Mohammed Al-Kabour, a 22-year-old international relations major, was among about 40 people who listened to Alam’s presentation Dec. 7 at MSU. A practicing Muslim, Al-Kabour says seeing women being made to pray behind the men during last year’s Ramadan prayer at the Islamic Center of East Lansing kept him from attending this year.
He’s supports the progressive undertone in Islam, but believes change should come slowly through small steps from within, rather than through an ideological break from the mainstream.
“You want to pull it — you don’t want to just say, ‘all right, we’re going to be super advanced, but as a minority,’” he says. “You want it to come with you.”

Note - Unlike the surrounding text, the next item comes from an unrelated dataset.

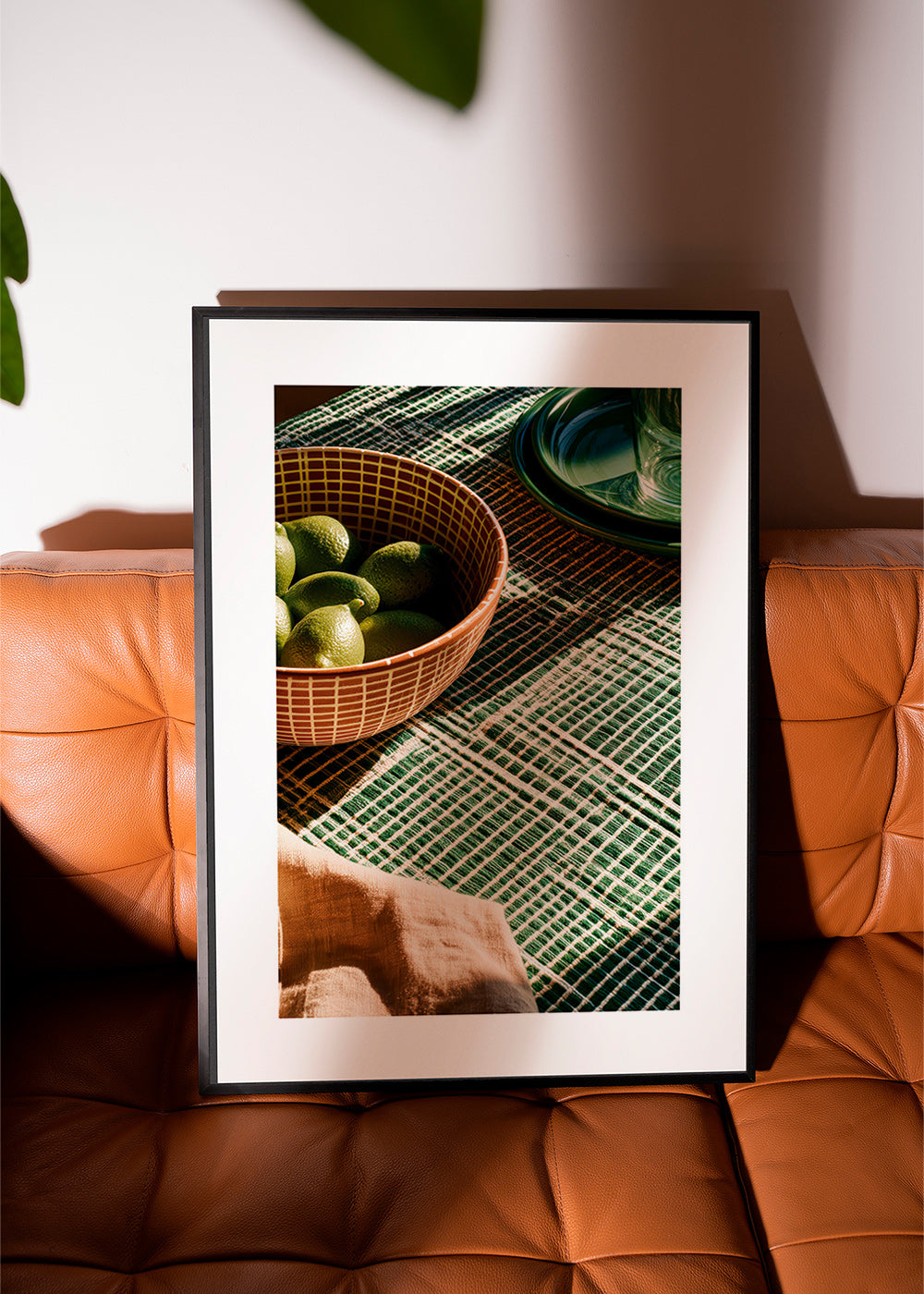 Art de cuisine: limettes dans un bol sobre tissu gráfico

American Islam isn’t ready to tackle sexual identity issues, Alam says.
“American Muslims are fighting bigger battles — they’re worrying about the FBI infiltrating their mosques. There are imams being deported. Civil liberties, civil rights — these are real issues we’re dealing with right now,” he says.

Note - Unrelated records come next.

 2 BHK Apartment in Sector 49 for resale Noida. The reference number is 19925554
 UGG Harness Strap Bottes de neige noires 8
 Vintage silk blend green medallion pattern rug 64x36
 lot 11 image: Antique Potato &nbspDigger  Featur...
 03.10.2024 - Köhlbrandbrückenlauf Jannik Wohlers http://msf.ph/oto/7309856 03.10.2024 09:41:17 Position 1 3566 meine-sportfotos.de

He says Al-Fatiha has joined mainstream Muslim groups on these issues.
The two Muslims in Congress, Reps. Keith Ellison of Minnesota and André Carson of Indiana, are members of the LGBT Equality Caucus, Alam notes. And the Council on American-Islamic Relations was among mainstream Muslim organizations that supported the 2009 hate crimes bill that expands federal law to include crimes based on a person’s sexual orientation or gender identity.
“We don’t believe it’s acceptable for people to get assaulted or for quasi-vigilantes to take to the streets to beat up homosexuals,” Walid says.
But Walid, who doesn’t know any gay Muslims personally, says “the issue hasn’t really come up on my radar.”
Increasing visibility through dialogue is the movement’s next step, Alam says.
“The challenge as we engage the mainstream Muslim community is it’s going to be from one mosque to another,” he says.
Al-Kabour says young Muslims and American converts will eventually lead Islam to evolve.
“Once the older wave dies and they don’t have that grip on the power on the mosques, the change will come,” he says.